## Problem description:
Nothing but the lines from the one with "Mod Preview Image" through the final line of the listing should appear in the answer, each copied exactly.

## Data excerpt:
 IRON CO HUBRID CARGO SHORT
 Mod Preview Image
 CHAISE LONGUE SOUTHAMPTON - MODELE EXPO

## Exercise output:
 Mod Preview Image
 CHAISE LONGUE SOUTHAMPTON - MODELE EXPO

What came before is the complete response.